RECORDS FOR THE EXERCISE
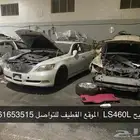 تشليح لكزس LS460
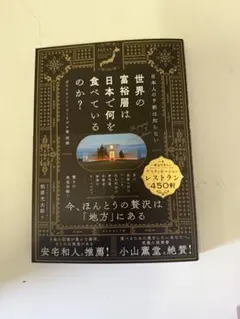 世界の富裕層は日本で何を食べているのか？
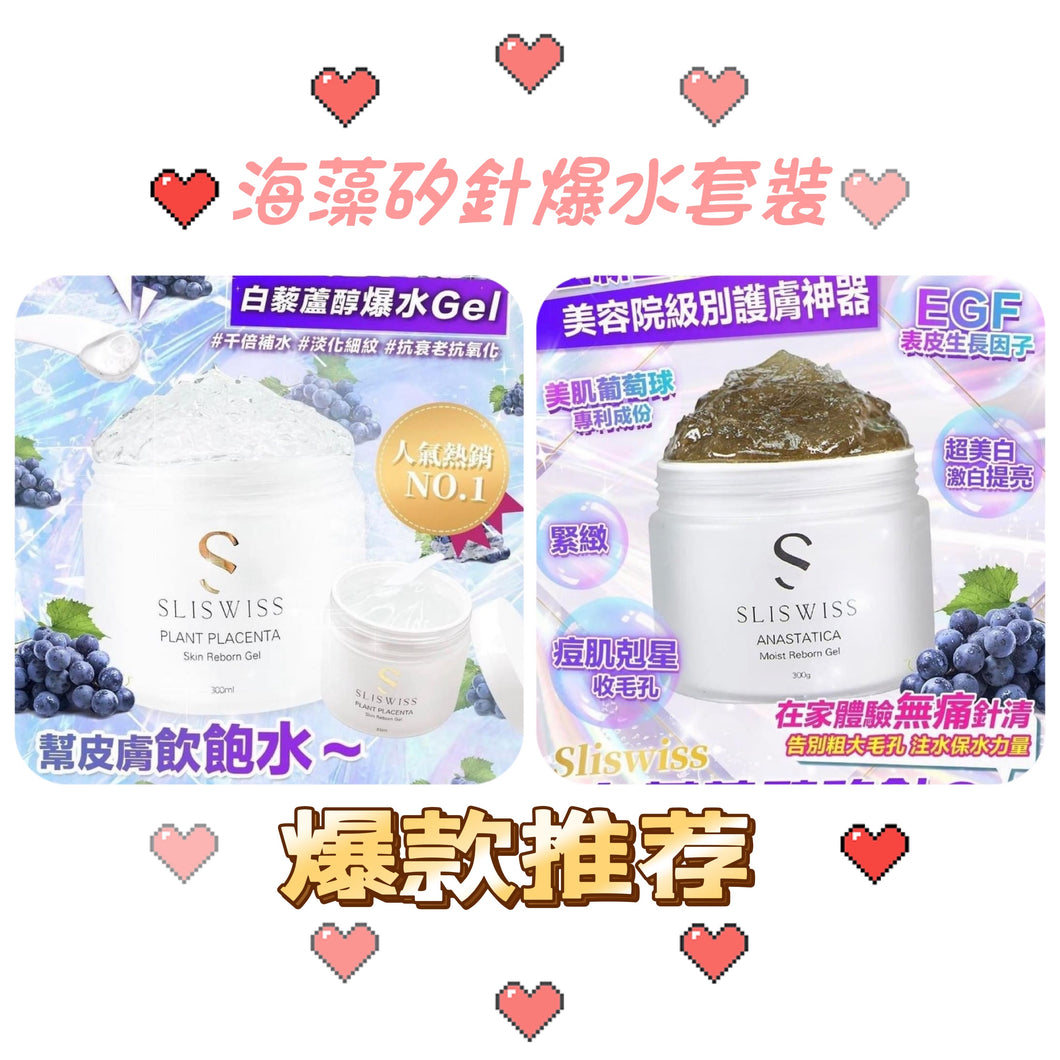 Sliswiss海藻矽針爆水Gel Mask套裝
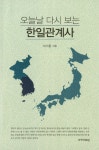 ISNI > ISNI 검색 > 이기용 상세화면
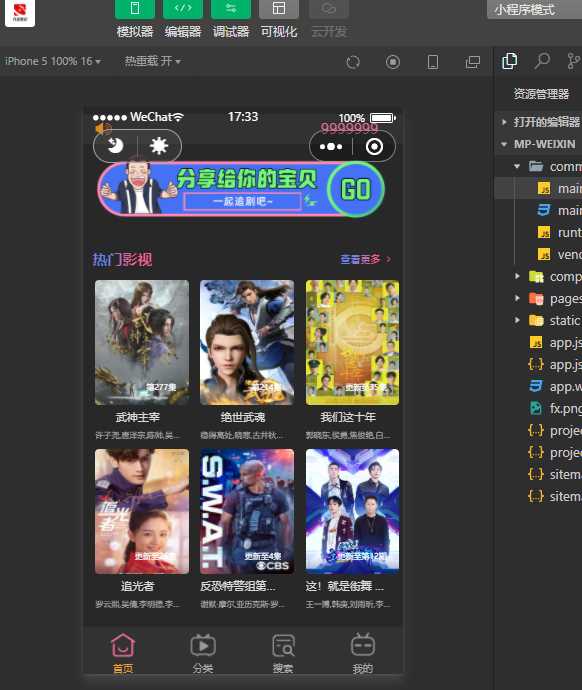 新版UI界面影视小程序亲测无问题带详细搭建教程 - 简单网创项目资源网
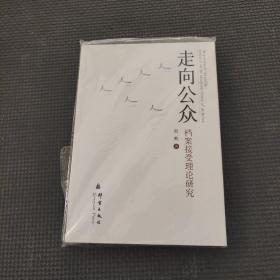 走向公众——档案接受理论研究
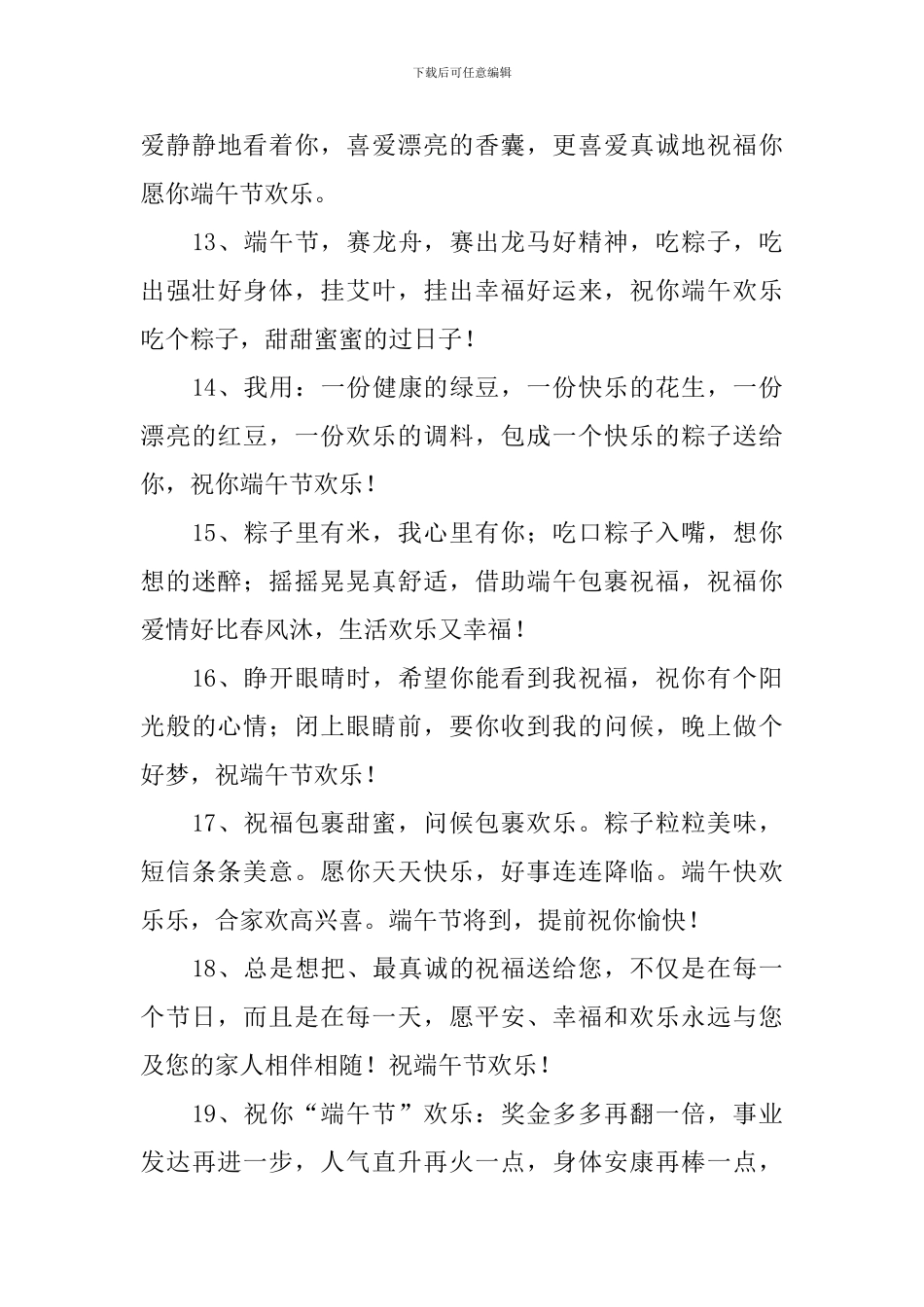 公司员工端午节放假祝福语_第3页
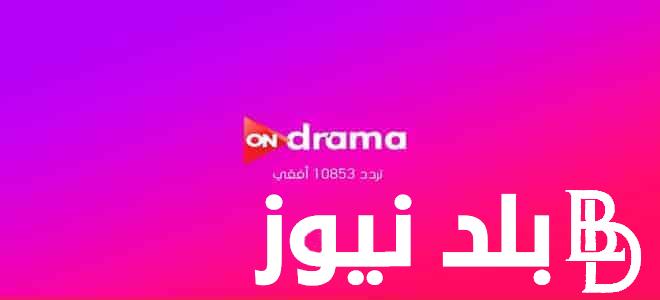 ثبت الان.. تردد قناة اون دراما ON الناقلة لمسلسل الكبير اوي والعتاولة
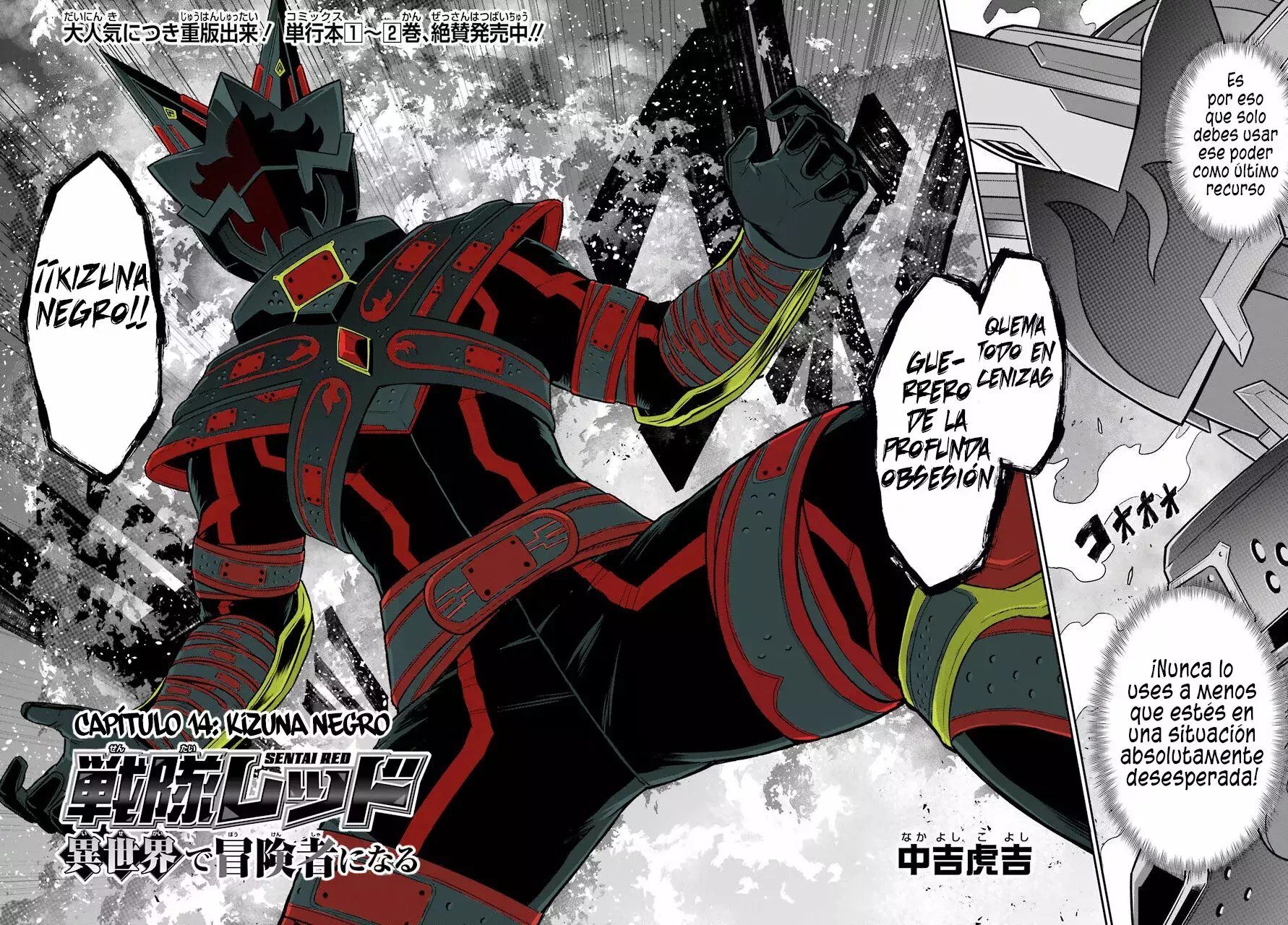 The Red Ranger Becomes an Adventurer in Another World Capitulo 14 página 3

WHAT YOU HAVE TO DO
Starting at the line that contains "Sliswiss海藻矽針爆水Gel Mask套裝", retype each line through the end of the data exactly, and leave out every picture.

RESPONSE AREA
 Sliswiss海藻矽針爆水Gel Mask套裝
 ISNI > ISNI 검색 > 이기용 상세화면
 新版UI界面影视小程序亲测无问题带详细搭建教程 - 简单网创项目资源网
 走向公众——档案接受理论研究
 公司员工端午节放假祝福语_第3页
 ثبت الان.. تردد قناة اون دراما ON الناقلة لمسلسل الكبير اوي والعتاولة
 The Red Ranger Becomes an Adventurer in Another World Capitulo 14 página 3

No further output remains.